I think we can start by not caping for Black folks who spout transphobic rhetoric. People’s identities are not discussion points, and we have a habit of engaging with some serious both-sidesism when discussing transness, which inherently degrades the integrity of trans lives. I think this tendency comes from our own very gendered trauma in the context of the cishet white patriarchy that is America, but we must not allow that framework to justify us oppressing our own people, or delegitimizing the many and varied identities of Black people. There are many Courtesy of Hilary Leichter Black trans activists that the community should be reading and elevating right now, like Raquel
Willis and Janet Mock. There are also the poets Danez Smith and
Rickey Laurentiis who’ve been consistently doing beautiful work for several years. Akwaeke Emezi is a wonderful writer, too.
If someone were to begin reading your work today, what should they pick up to get a meaningful sense of who you are as a writer and the project of your writing? What is your favorite published thing you’ve ever written? What are you working on now?
My story “Daddy’s Boy” is an early project of mine, published in 2016, that, while short, exemplifies so much of what occupies my literary imagination. There’s also an anthology celebrating short stories by writers of color, Everyday People: The
Color of Life, that includes an excerpt of my novel, entitled “Last Rites.” I’m still working on that novel, and I’m starting the next novel and working on a number of short stories.
Tell us about Electric Lit.
What does it contribute to the literary world that is unique and important?

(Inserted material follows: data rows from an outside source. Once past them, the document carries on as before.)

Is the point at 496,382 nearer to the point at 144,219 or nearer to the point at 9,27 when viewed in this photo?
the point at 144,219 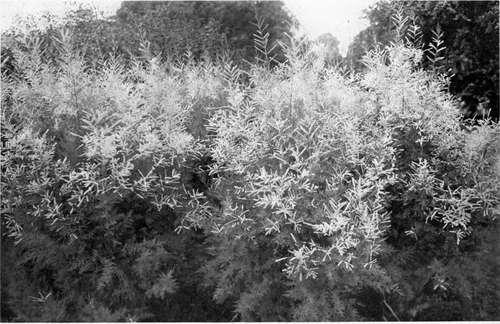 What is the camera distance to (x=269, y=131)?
3598 millimetres

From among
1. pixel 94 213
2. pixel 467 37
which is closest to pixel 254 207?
pixel 94 213

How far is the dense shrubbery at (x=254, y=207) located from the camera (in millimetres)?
3234

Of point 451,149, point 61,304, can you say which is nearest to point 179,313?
point 61,304

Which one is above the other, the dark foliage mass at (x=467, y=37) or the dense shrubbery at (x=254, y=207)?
the dark foliage mass at (x=467, y=37)

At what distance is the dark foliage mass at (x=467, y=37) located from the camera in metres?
6.32

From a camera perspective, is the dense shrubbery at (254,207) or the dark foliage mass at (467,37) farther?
the dark foliage mass at (467,37)

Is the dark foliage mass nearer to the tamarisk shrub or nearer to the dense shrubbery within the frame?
the dense shrubbery

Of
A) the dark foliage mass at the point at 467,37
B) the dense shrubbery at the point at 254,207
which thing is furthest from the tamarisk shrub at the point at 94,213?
the dark foliage mass at the point at 467,37

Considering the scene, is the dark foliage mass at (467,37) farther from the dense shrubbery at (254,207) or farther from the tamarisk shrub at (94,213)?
the tamarisk shrub at (94,213)

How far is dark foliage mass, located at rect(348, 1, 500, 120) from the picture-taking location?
20.7 feet

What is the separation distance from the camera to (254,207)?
3.37 metres

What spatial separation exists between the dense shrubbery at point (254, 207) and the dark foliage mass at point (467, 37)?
2.69m

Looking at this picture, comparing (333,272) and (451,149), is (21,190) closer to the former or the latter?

Electric Lit is an independent digital publisher of short work with a mission to make literature more exciting, relevant, and inclusive since 2009. We publish two acclaimed literary magazines: Recommended
Reading, for longer-form short fiction, and The Commuter, for poetry, graphic narrative, and flash prose. Outside of those, we also publish essays, book lists, and author interviews. As EL’s third editor-in-chief, I oversee the editorial operations of everything other than Recommended Reading and The Commuter. All of our work is available online for free, and every year we serve over 5 million readers. We’re often the first to publish or very early champions of new and emerging voices who become crucial to the American publishing landscape.
Was it important for you to become an editor? What do you consider your job as an editor?
I love connecting with authors and working together to affirm their vision — and sometimes grow it — of their work. The thing that becoming a full-time editor has done is that it’s given me a whole new level of regard for my work as an editor. Until I started working at EL — although I genuinely loved editing — I saw it primarily as something that would serve my ambitions as a writer. It’s so much more important to me now — my ambitions as an editor and my ambitions for my writing are, of course, intertwined, but they’re also very separate. Editing — and what I hope to accomplish as an editor — is just as important to me, if not more important, than whatever happens to my own writing. And I never knew I could feel that way about something.
What are some things you can tell writers about getting published as an experienced editor?
Listen closely to editors — take their advice when it’s right, but don’t be afraid to go a different way when it’s wrong. The editor doesn’t always have the answers, and that is not the editor’s job. Lastly, getting published is a wonderful thing for many reasons. It is not the be-all-end-all of a life in letters. Whether you are published or not, the task becomes more and more simple, I think, as you move forward. The task is to continue writing, continue reading. Keep traversing this road we’ve chosen, even if you can’t see very far in front of you. As my mother would say, that’s the time to step out on faith. Living life as a writer, ultimately, is about stepping out on faith.
It has been said that “It’s lonely at the top.” Is that the case for you as the highest-ranking Black trans woman in publishing today?
Yes. But I’m working hard to change it.